Por Alejandro Duchini | Para LA GACETA - Buenos Aires
Contar en Argentina con la presencia de Paul Auster y J.M. Coetzee, dos de los más prestigiosos escritores del mundo, no es algo que se produzca seguido. Y justamente, durante el fin de semana pasado, ambos cumplieron en estas tierras con una serie de compromisos que tuvo su punto más alto de convocatoria en la Feria del Libro, en Buenos Aires, con motivo de una charla pública. La expectativa generada fue tal que alrededor de 1.000 personas colmaron la Sala Jorge Luis Borges y otras tantas observaban el encuentro ante una pantalla gigante ubicada a unos metros.
Sin embargo, la anunciada conversación entre Auster, Premio Príncipe de Asturias 2006, y Coetzee, Nobel 2003, terminó siendo una lectura de algunas de las cartas intercambiadas entre 2008 y 2011, y publicadas en el libro Aquí y ahora, editado de manera conjunta por Anagrama y Sudamericana. Pero tan grande es la devoción que despertaron en los presentes que para muchos daba lo mismo que fuese una charla o una lectura. Lo importante era tenerlos ahí, casi al alcance de la mano.
Auster dio el puntapié inicial recordando sus encuentros con Charlton Heston (actor al que desprecia) tras lo cual señaló las casualidades que los cruzaron con una diferencia de pocos días. “¿Te suceden estas cosas? ¿O sólo me pasan a mí?”, preguntó el escritor que a lo largo de su obra hizo hincapié en el azar y la causalidad.
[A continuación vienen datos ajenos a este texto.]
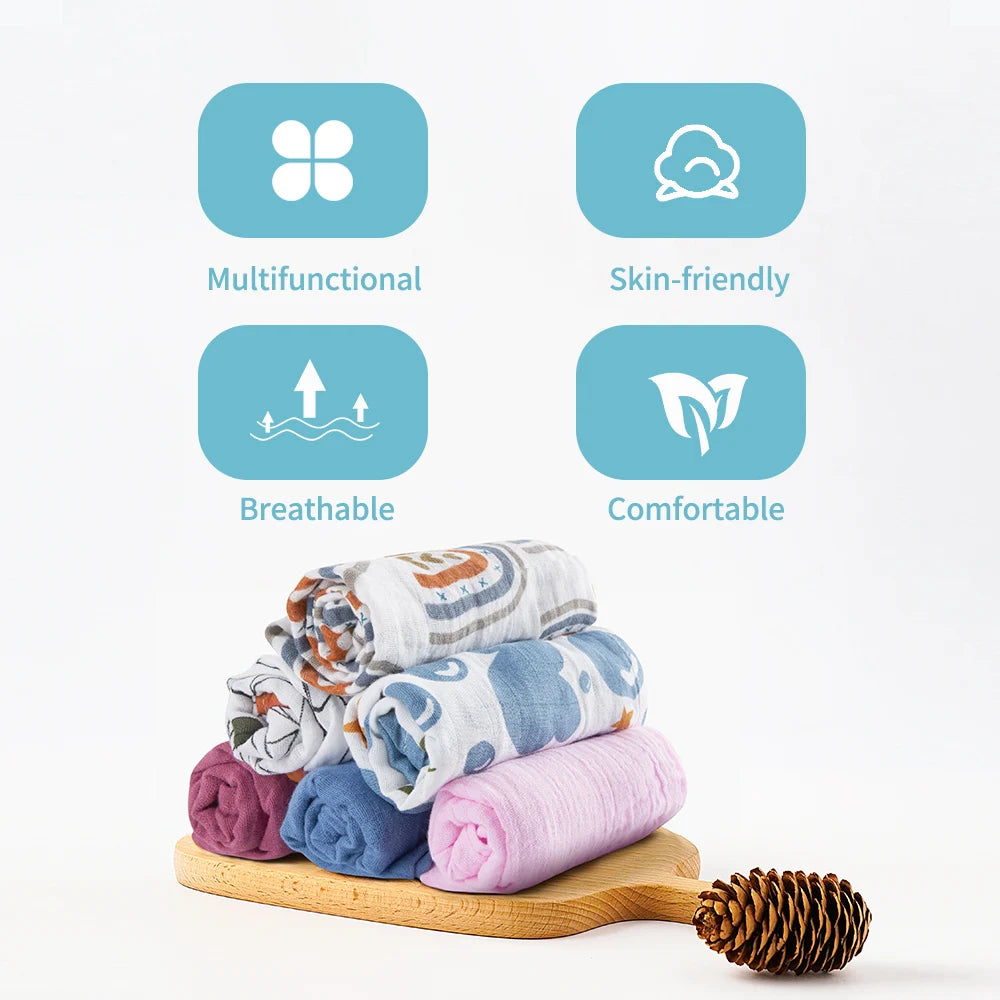 Elinfant 5-Piece Gift Set – Bamboo Cotton Muslin Bibs & Burp Cloths, 100% Cotton, 60x60cm, 2 Layers Baby Scarf & Handkerchief - Kidzy Market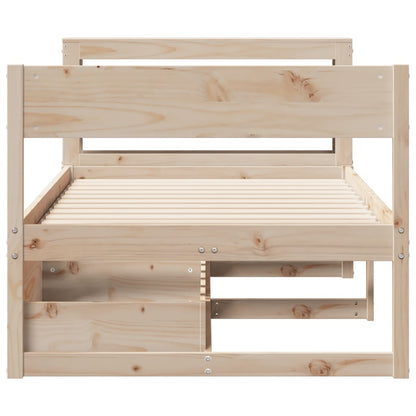 Bed Frame Without Mattress 90X190 Cm Single Solid Wood Pine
Coetzee habló de las competencias deportivas: “No me gustan las visiones del deporte en las que hay que ganar porque todo es vida o muerte”, opinó mientras algunos de los presentes estaban más expectantes de atestiguar su presencia en la sala a través de Twitter o pugnaban por la mejor foto desde sus sillas.
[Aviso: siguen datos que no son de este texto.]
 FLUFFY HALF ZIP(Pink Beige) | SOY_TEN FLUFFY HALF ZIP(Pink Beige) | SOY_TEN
“Crecemos con los nombres que nos han dado hasta que no damos cuenta de que somos esos nombres”, señaló luego el autor de La invención de la soledad. “No tengo la menor idea de qué les pasará a mis personajes después de que termine una novela”, leyó Coetzee.
Dar sin parar
Las lecturas se prolongaron durante una hora en la que se escucharon conceptos más que interesantes. Como el que señaló el sudafricano al hablar del proceso de escritura: “Sé que dicen pavadas románticas sobre la vida del escritor, sobre la desesperación de enfrentarse a la página en blanco, sobre la angustia de la inspiración que no llega, sobre las rachas impredecibles, y no fiables, de creación febril e insomne, sobre la inseguridad agobiante e inquebrantable, etcétera. Pero no son del todo pavadas, ¿vedad? Escribir es una cuestión de dar y dar sin parar, sin respiro”. “Jamás me consideré un valiente”, leyó Auster también al hablar de cómo escribe; en su caso tras contar cómo es su máquina Olimpia “con la que me ensucio las manos al correr la cinta” y resumir que la habitación en la que trabaja tiene muchas ventanas y, por ende, es luminosa.
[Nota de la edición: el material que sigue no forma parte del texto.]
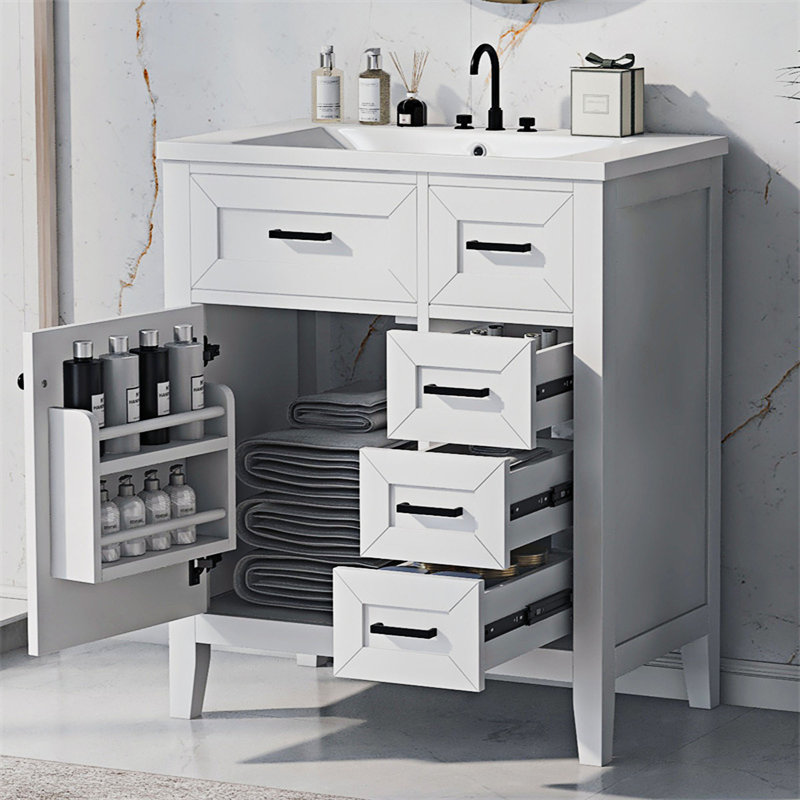 Meuble-lavabo 30 po avec lavabo et tiroirs, Blanc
Ni al principio ni al final se les escatimaron aplausos. Ni siquiera cuando se despidieron de una manera fría, cuasi distante, de un público que en todo momento les dio calor. Porque cuando había pasado alrededor de una hora y cuarto, Coetzee leyó “el mundo sigue enviándonos sorpresas y nosotros seguimos aprendiendo”. En unos pocos segundos se miraron, juntaron sus hojas impresas con los textos de sus cartas, observaron al público y, en medio de los plausos, apenas inclinaron la cabeza, se levantaron y se fueron.